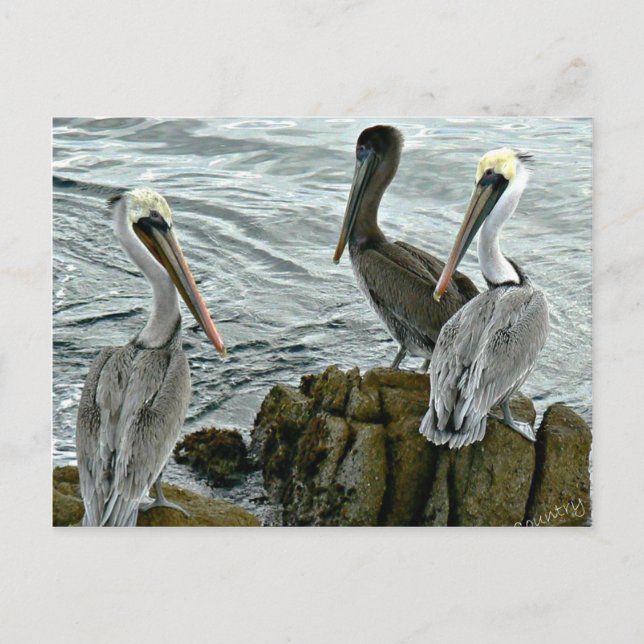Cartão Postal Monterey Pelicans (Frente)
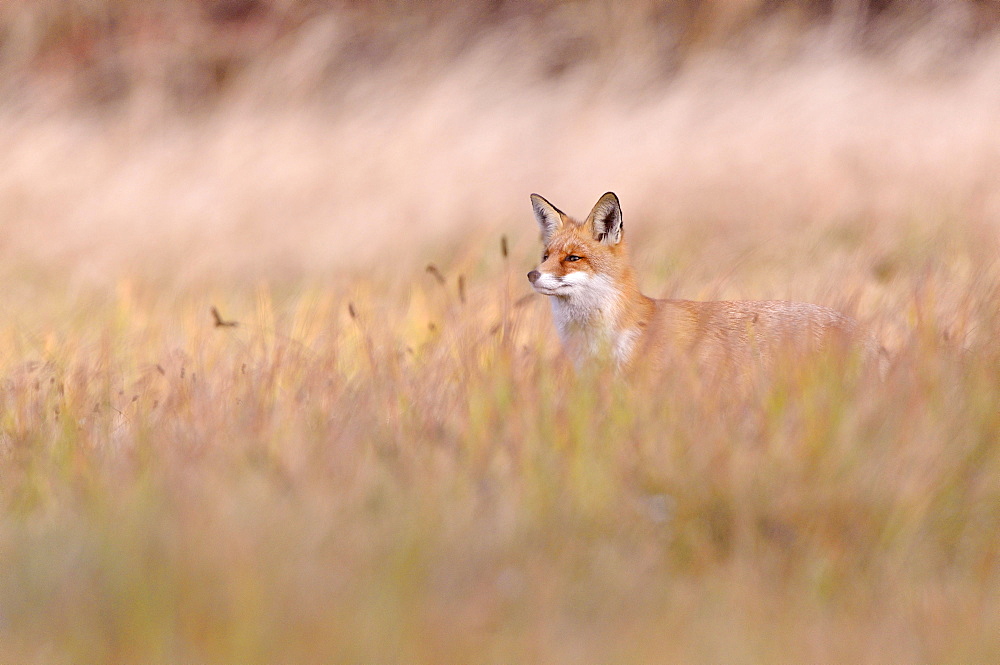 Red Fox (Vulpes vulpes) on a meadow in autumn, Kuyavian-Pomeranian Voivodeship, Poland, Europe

○ ○ ○

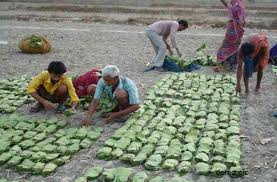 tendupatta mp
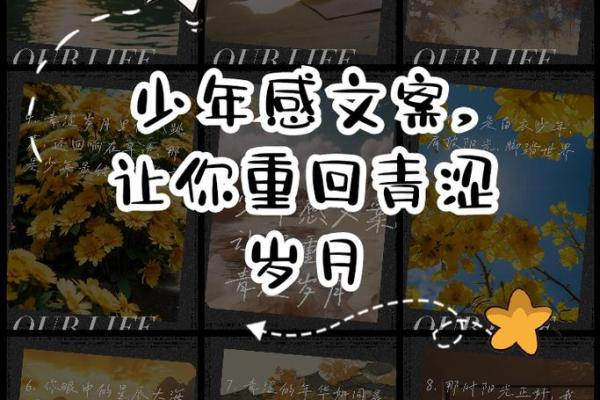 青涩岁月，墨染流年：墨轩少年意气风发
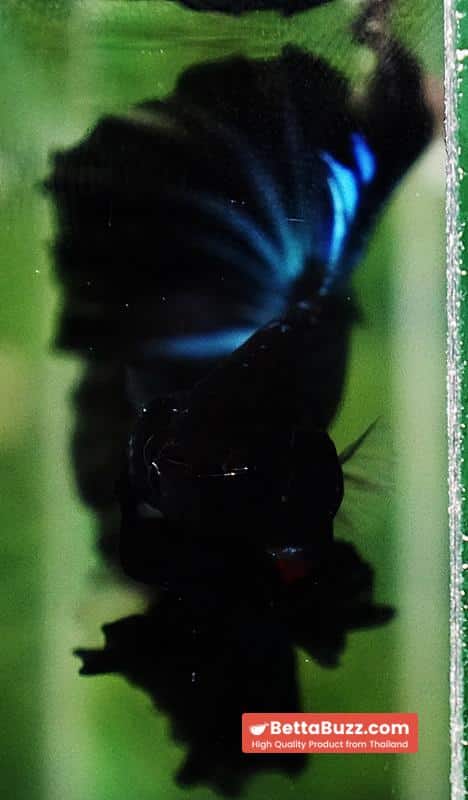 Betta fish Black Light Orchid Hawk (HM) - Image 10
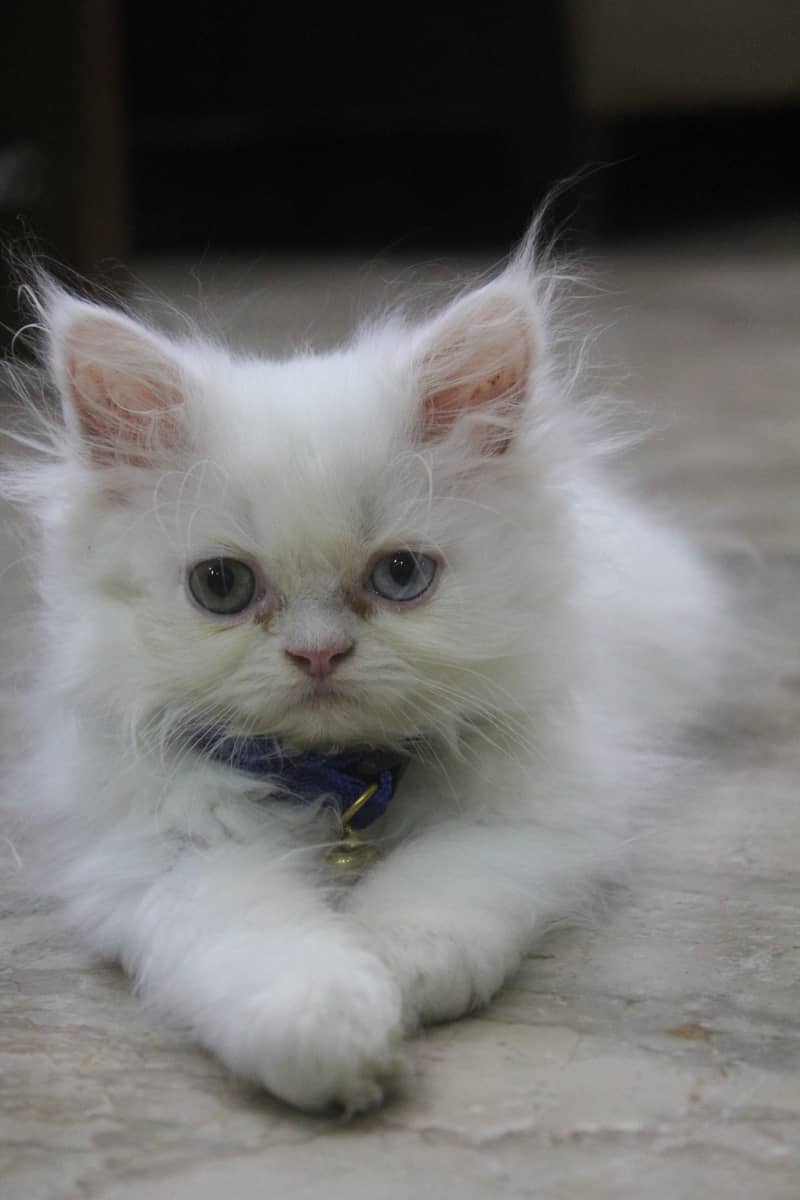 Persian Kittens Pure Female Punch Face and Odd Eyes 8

○ ○ ○

## Work instructions
Exact copy, pictures excluded: every line above from the one containing "Cartão Postal Monterey Pelicans (Frente)" to the one containing "Red Fox (Vulpes", inclusive, and nothing more.

## Output for this exercise
Cartão Postal Monterey Pelicans (Frente)
 Red Fox (Vulpes vulpes) on a meadow in autumn, Kuyavian-Pomeranian Voivodeship, Poland, Europe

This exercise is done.